(Recorded data)

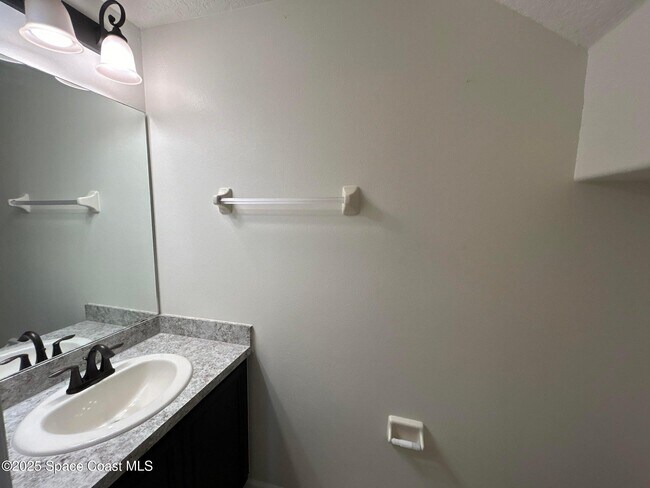 Foto del edificio - 1334 Lotus St SE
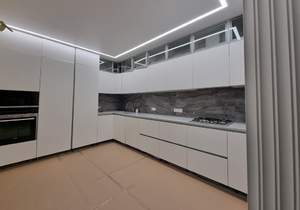 5-к квартира, вторичка, 210м2, 4/10 этаж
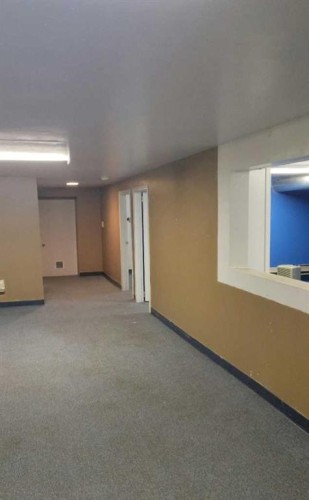 5004 51 Ave, Ponoka, AB 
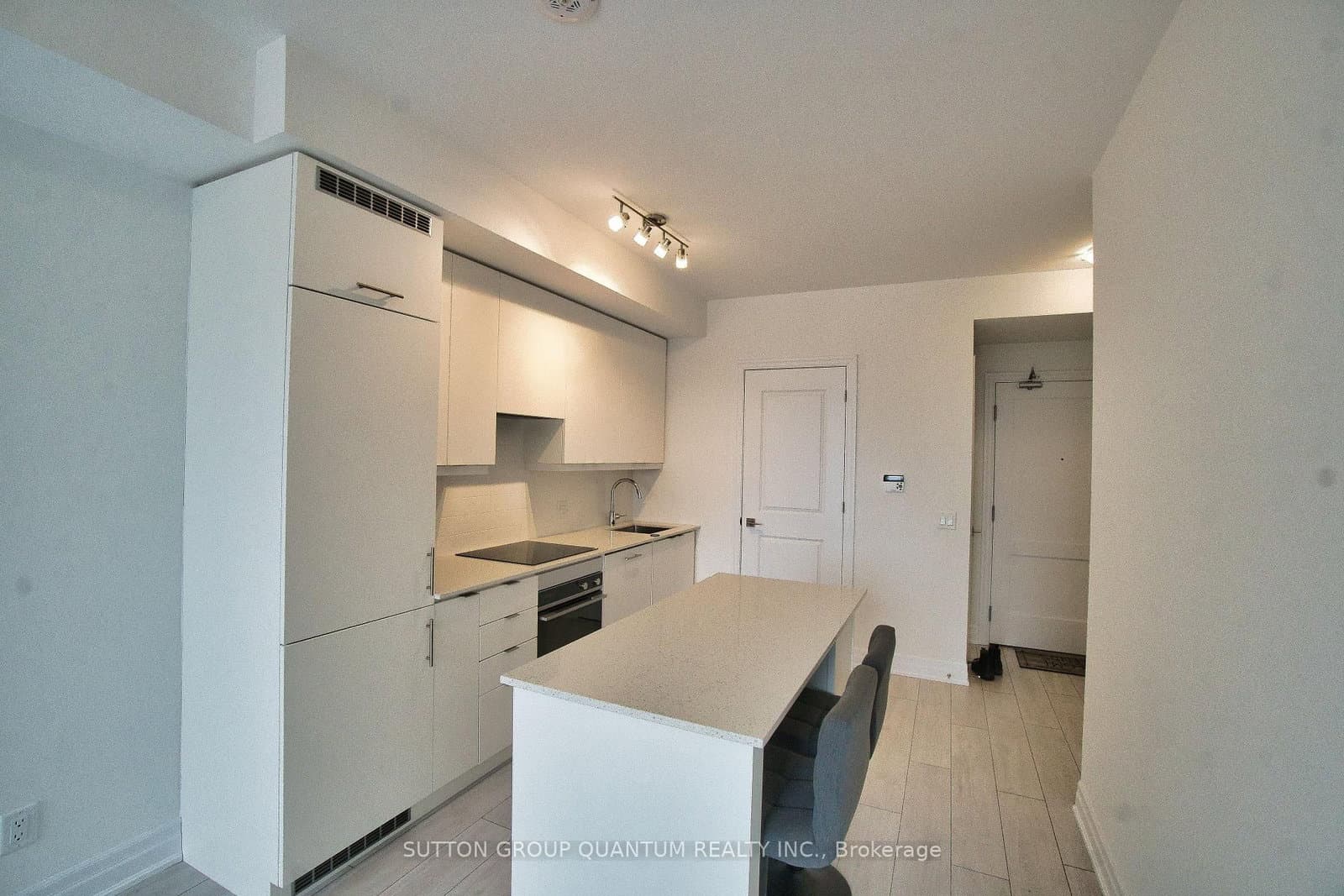 30 Elm Drive, Unit 1607 thumbnail 18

(End Recorded data)

Give back the full data exactly as it reads, but drop the pictures.

 Foto del edificio - 1334 Lotus St SE
 5-к квартира, вторичка, 210м2, 4/10 этаж
 5004 51 Ave, Ponoka, AB 
 30 Elm Drive, Unit 1607 thumbnail 18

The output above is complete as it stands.